Biopharmaceutical Manufacturer

U.S. Food and Drug Administration
▎Edited by the WuXi AppTec content team
Today, Regeneron Pharmaceuticals announced that the U.S. FDA has approved the monoclonal antibody therapy Veopoz (pozelimab) for marketing. The press release noted that this isThe first FDA-approved therapy for treating adults and pediatric patients aged 1 year and older with CD55-deficient protein-losing enteropathy (CHAPLE)。
CHAPLE is an extremely rare hereditary immune disorder, with fewer than 100 known patients worldwide. Currently, there are no approved treatments for CHAPLE.CHAPLE patients are unable to regulate complement activity due to mutations in the gene encoding the CD55 protein. CD55 is a protein that regulates the human complement system. Without proper CD55 regulation, the complement system may attack normal cells, causing damage to blood and lymphatic vessels in the upper digestive tract, and leading to the loss of proteins and blood cells.In most patients, dysregulation of CD55 will trigger a series of potentially life-threatening symptoms. These adverse conditions begin in infancy and include abdominal pain, bloody diarrhea, vomiting, malnutrition, slow growth, leg swelling (edema), recurrent infections, and thrombosis.。

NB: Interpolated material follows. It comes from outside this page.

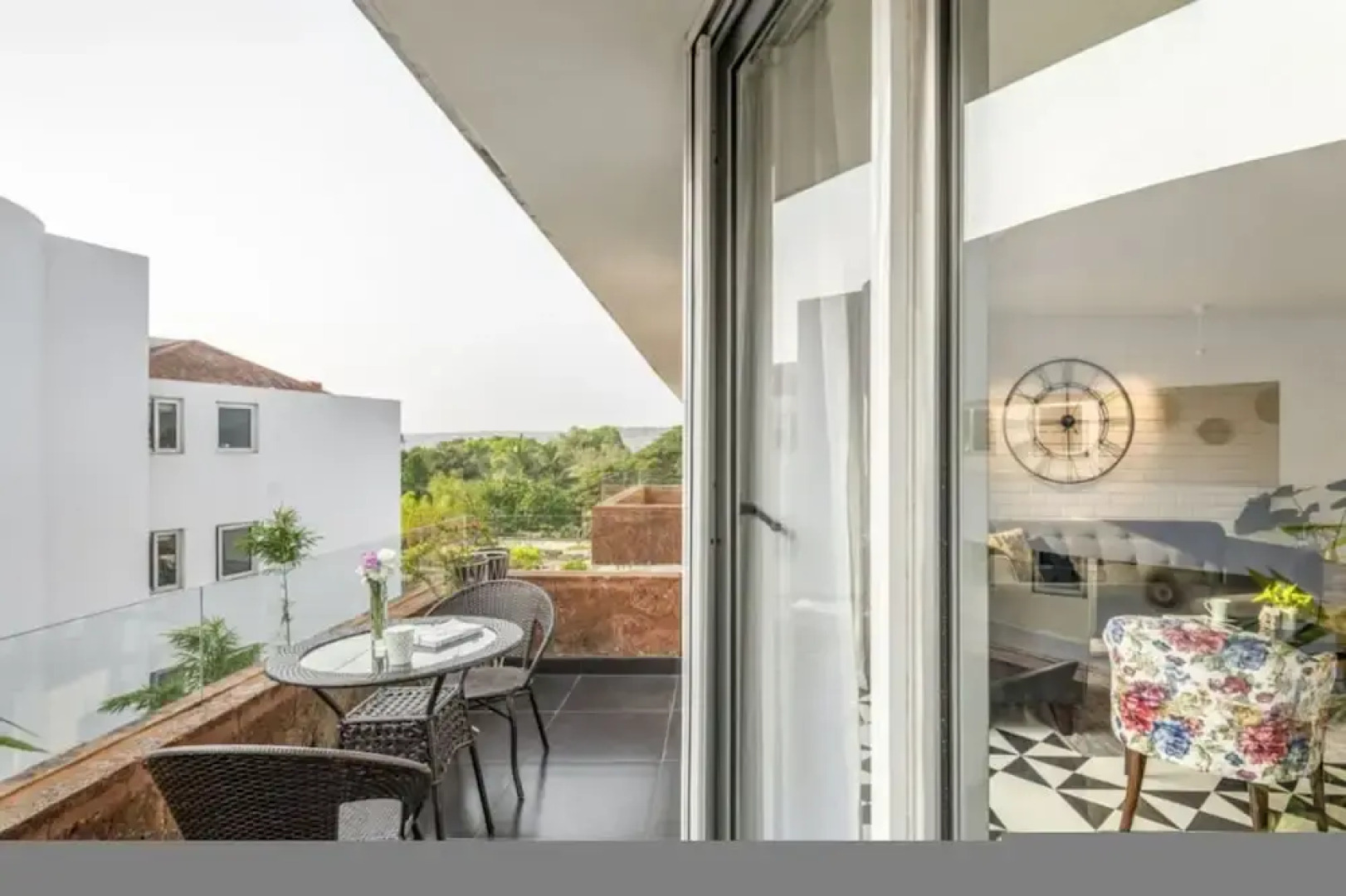 El Arbol by Hireavilla-2br w Rooftop Pool in Nerul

Pozelimab is a fully human monoclonal antibody designed to block the activity of complement factor C5 and prevent diseases mediated by the complement pathway. Structurally, pozelimab is an IgG4 antibody with high binding affinity for both wild-type and variant human complement C5 proteins.
The approval and market launch of pozelimab this time was supported by the results of a Phase 2/3 open-label clinical trial, which investigated the efficacy and safety of pozelimab in 10 CHAPLE patients aged 1 year or older. On day 1 of the trial, patients received a single dose of pozelimab at 30 mg/kg via intravenous infusion, followed by once-weekly subcutaneous injections of pozelimab based on body weight.At 24 weeks, all patients reached the co-primary endpoints, with rapid and sustained normalization of serum albumin (a disease biomarker) and improvement or no worsening of clinical symptoms.. The clinical symptoms evaluated in the study included abdominal pain, daily bowel movement frequency, and investigator-assessed facial and peripheral edema.Analysis of secondary endpoints showed a significant reduction in hospital stay duration and total albumin infusions, along with clinically meaningful increases in weight and height according to age groups.
Seven patients in the trial experienced adverse events (AEs), but all were mild or moderate AEs. The most common were iron deficiency, fever, rhinitis, urticaria, and vomiting. No AEs led to treatment discontinuation. To prevent meningococcal infection, all patients in the pozelimab trial were vaccinated against meningococcal infection prior to receiving treatment.